Il confronto tra i due cult è l’incipit per analizzare in che modo il cinema italiano ha rappresentato la figura del lavoratore. In tutte le pellicole di Nunziante l’elemento cardine è il posto fisso, l’importanza di trovare un lavoro e dare status ai lavoratori. Qualsiasi tipologia di lavoro, senza discriminazione di professione. Il lavoro è sacro. Infatti, il regista ha ammesso che per lui il lavoro è un argomento essenziale e che deve essere valorizzato per dare spessore alla società. Il cinema, in quanto medium popolare in grado di veicolare contenuti importanti, ha il dovere di farsi carico di determinate tematiche, rappresentando in modo adeguato e con rispetto una delle classi più importanti della società. Il lavoro è fondamentale per mantenere saldi certi valori che, attualmente, si stanno perdendo. Fede e lavoro sono stati per anni i punti cardine della società italiana (e non solo) ma con il tempo, secondo Nunziante, attraverso le commedie all’italiana, la figura del lavoratore è stata resa alienante, ridicolizzata e “presa in giro”. Anziché mostrare le virtù e le pellucidità di avere un posto fisso, il cinema ha sbeffeggiato il mondo del lavoro e promosso valori anti-occupazione mettendo in luce solo i lati negativi, dando così corpo alla formazione di un’immagine collettiva sbagliata del mondo del lavoro. Denigratoria e alienante. In questo modo, la società ha iniziato a vedere in modo negativo la classe lavorativa e perciò si sono formate coscienze negative, arroganti ed egoiste.

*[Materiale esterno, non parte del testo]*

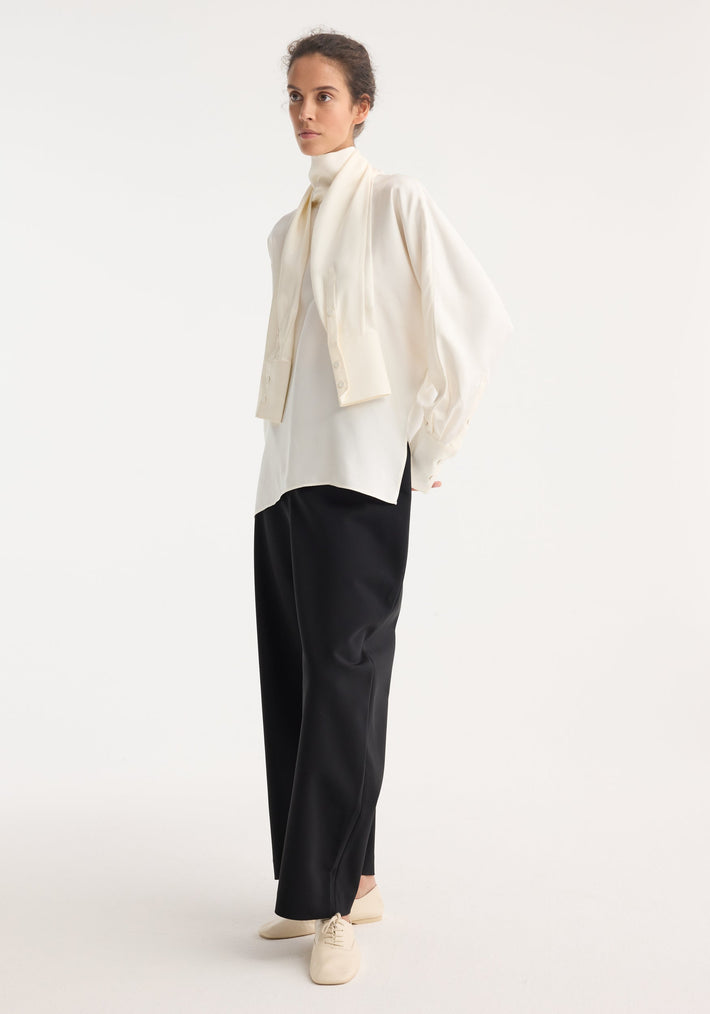 Model wearing Foulard silk top with draped sleeves, layered over a high-neck top, paired with loose black trousers and cream lace-up flats.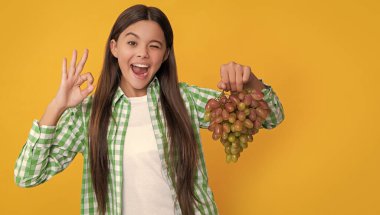 winking child with grapes bunch on yellow background. dieting.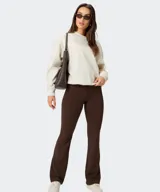 Buzo de felpa Fabletics de color beige melange, con cuello redondo y mangas largas, de diseño holgado y cómodo.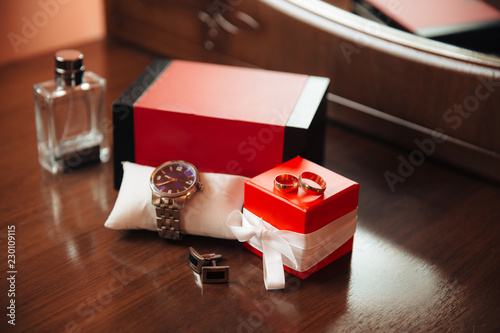 Men's watches, perfume, wristwatches, golden rings and cufflinks on the background of a brown table. Clothing accessories businessman. Concept of grooms accessories at wedding day. © romannoru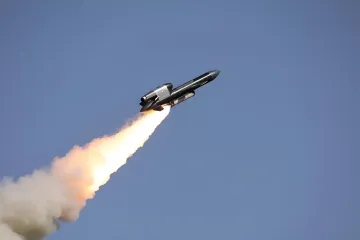 Ракета в полете с ярким огненным следом на фоне чистого голубого неба — иллюстрация к статье о вирусном фейке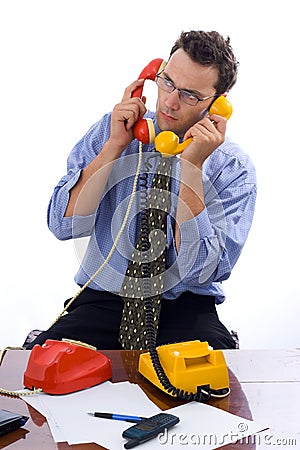 Talking on two telephones Stock Photo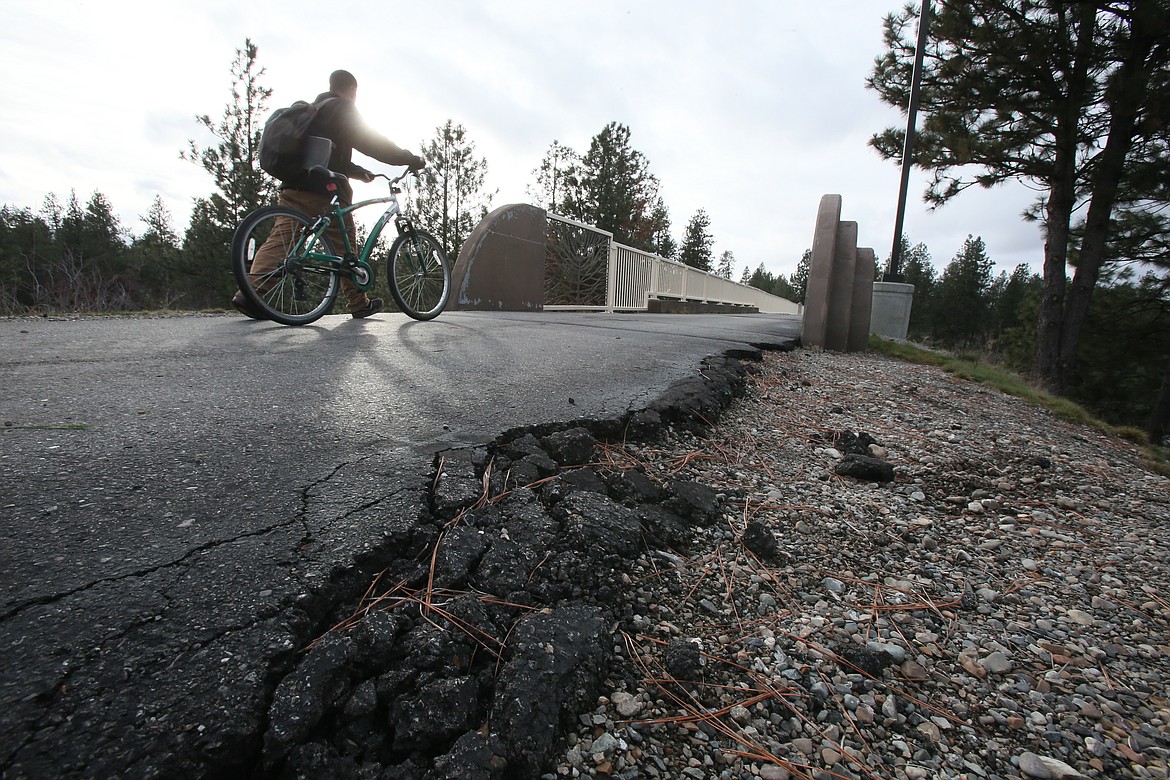 A trail user rides near a crumbling asphalt edge Friday on the North Idaho Centennial Trail.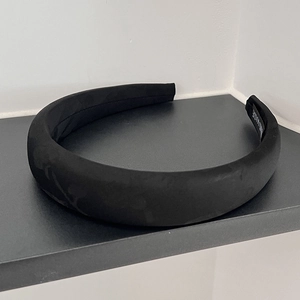 Detail of a handmade black wide-brimmed fabric headband showing the Hand Made inner label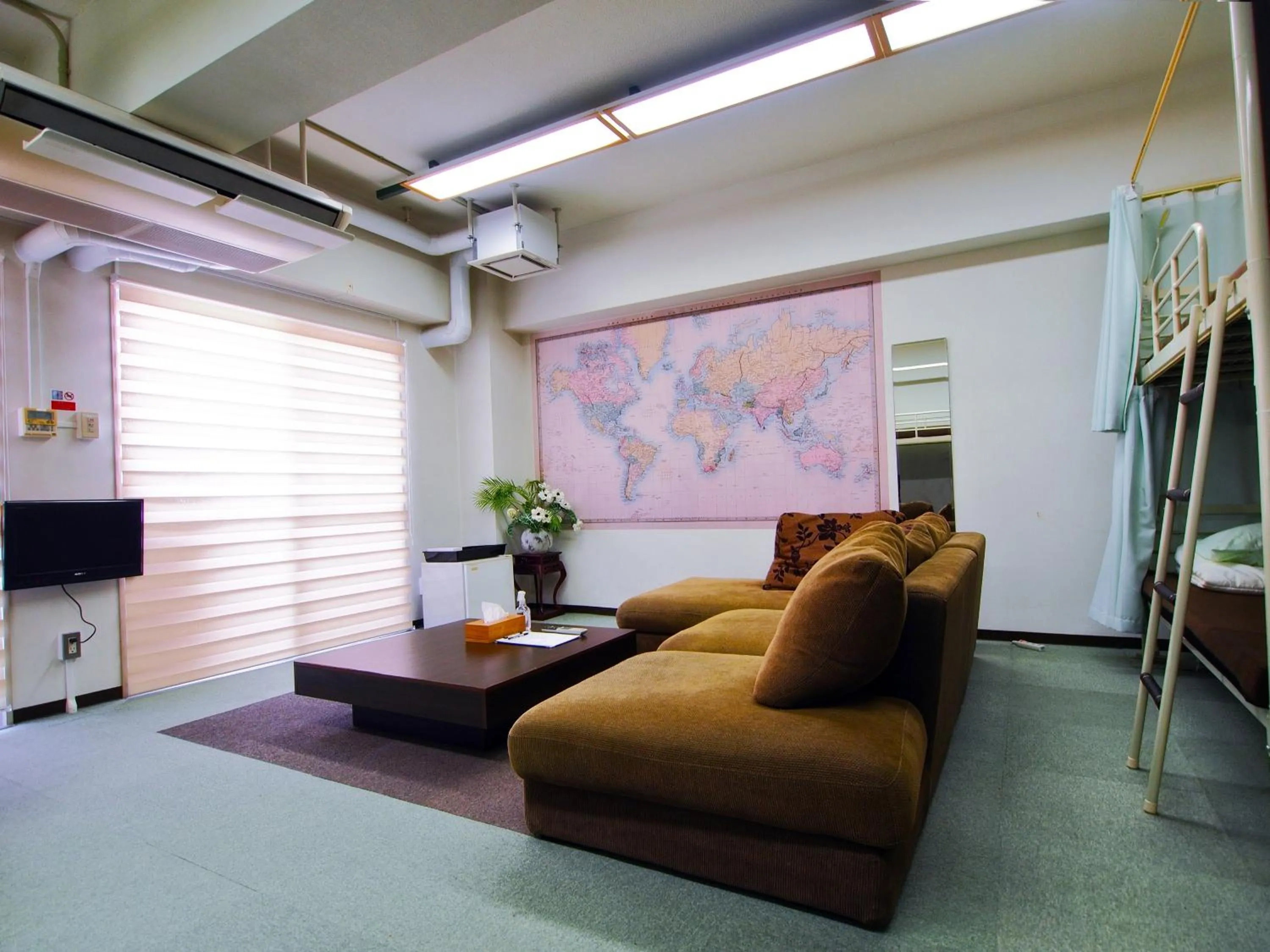 Living room in Omotenashi Hostel Miyajima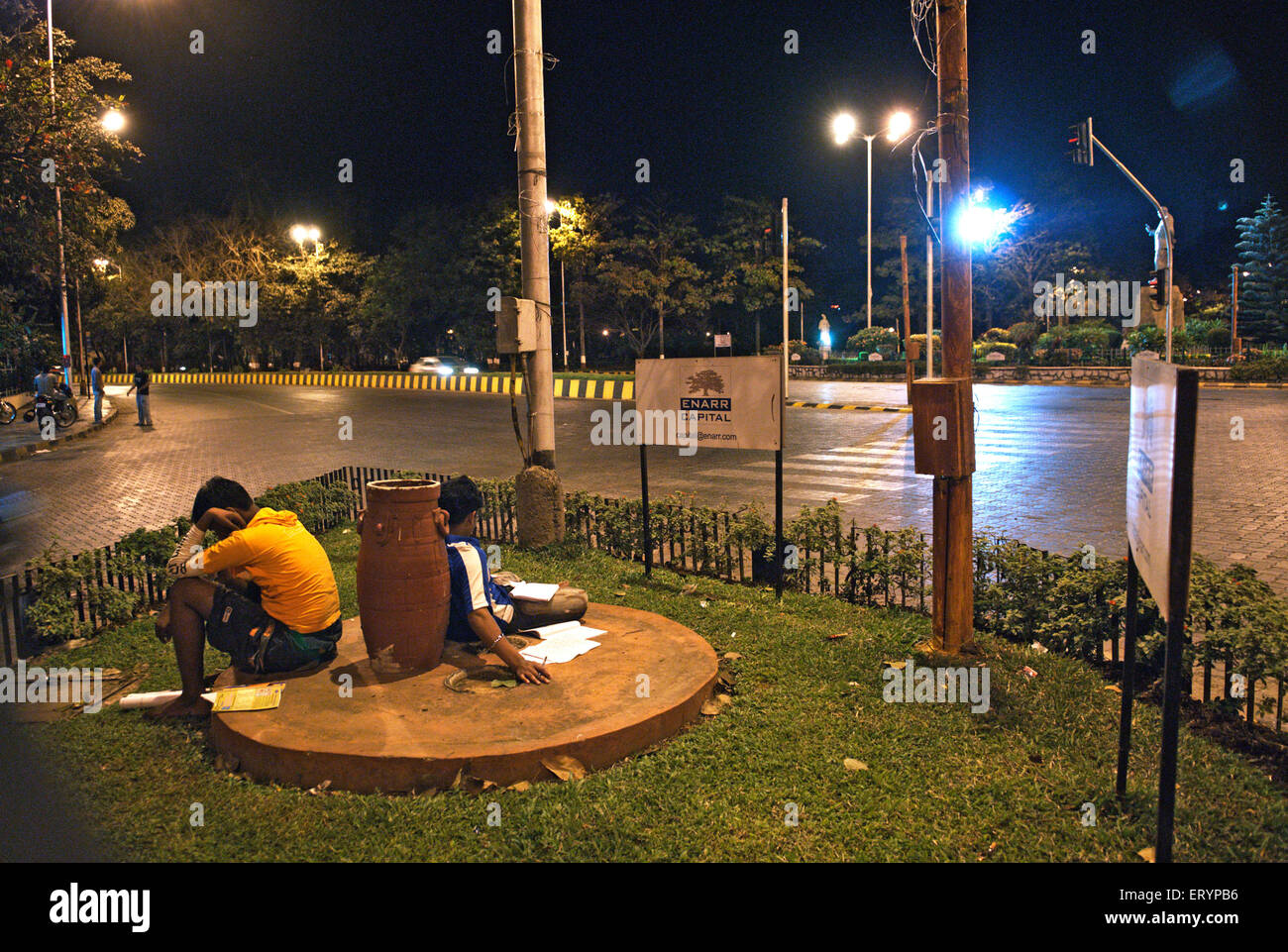 Students studying under street lights in roundabout , Bombay , Mumbai , Maharashtra , India , Asia Stock Photo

Gennaro Nunziante si scaglia contro il film Fantozzi, reo di aver sbeffeggiato e ridicolizzato il posto fisso. “Fantozzi doveva ringraziare Dio per avere un posto fisso in quanto mediocre, ridicolizzava il lavoro e se la società fosse stata sana, Fantozzi sarebbe dovuto essere licenziato” queste le parole di Nunziante. Nell’appartamento di Wilder, il lavoro viene reso in maniera patriottica, speranzosa e con uno sguardo fiducioso verso il futuro. In Italia, l’eccessiva negatività delle Commedie all’Italiana hanno reso il lavoratore come un qualcosa di negativo, di estraneo e che, cinicamente, pensa solo al proprio orticello e al proprio benessere. Il cinema di quegli anni ha fomentato i lavoratori del posto fisso all’assenteismo, alla mediocrità, alla bambagia e all’egoismo. Valori negativi che sono stati promossi dalle pellicole e che hanno portato alla distruzione del mondo lavorativo che, nei giorni nostri, viene visto come qualcosa di brutto, di non necessario.

Nunziante allarga il discorso alla società in generale, inserendo anche il decadimento proveniente della classe politica che incapace di mantenere saldi determinati valori essenziali a valorizzare la figura del lavoratore. Decadimento dei valori proseguito anche negli anni Ottanta con l’arrivo della televisione privata che ha abbassato ulteriormente la cultura nei mass media e si è fatta promulgatrice di atteggiamenti riprovevoli. Nunziante però ritiene che l’inizio del degrado sia dovuto principalmente alle commedie d’oro del Cinema Italiano in quanto mezzo importante ed in grado di condizionare la memoria collettiva della gente attraverso prodotti filmici. Una tesi interessante, supportata da numerosi casi d’esempio che sono stati messi in luce durante la masterclass a Mantova. Un incontro interessante, infuocato e stimolante. Infatti, nessuno si sarebbe mai aspettato una simile analisi dal regista dei film di Zalone che ha sorpreso tutti con l’acuta osservazione, volutamente provocatoria, che ha generato spunti di riflessione. Un’invocazione a tornare ad un cinema fatto di valori e focalizzati a dare maggior rispetto alle classi lavoratrice perché il lavoro è una cosa sacra.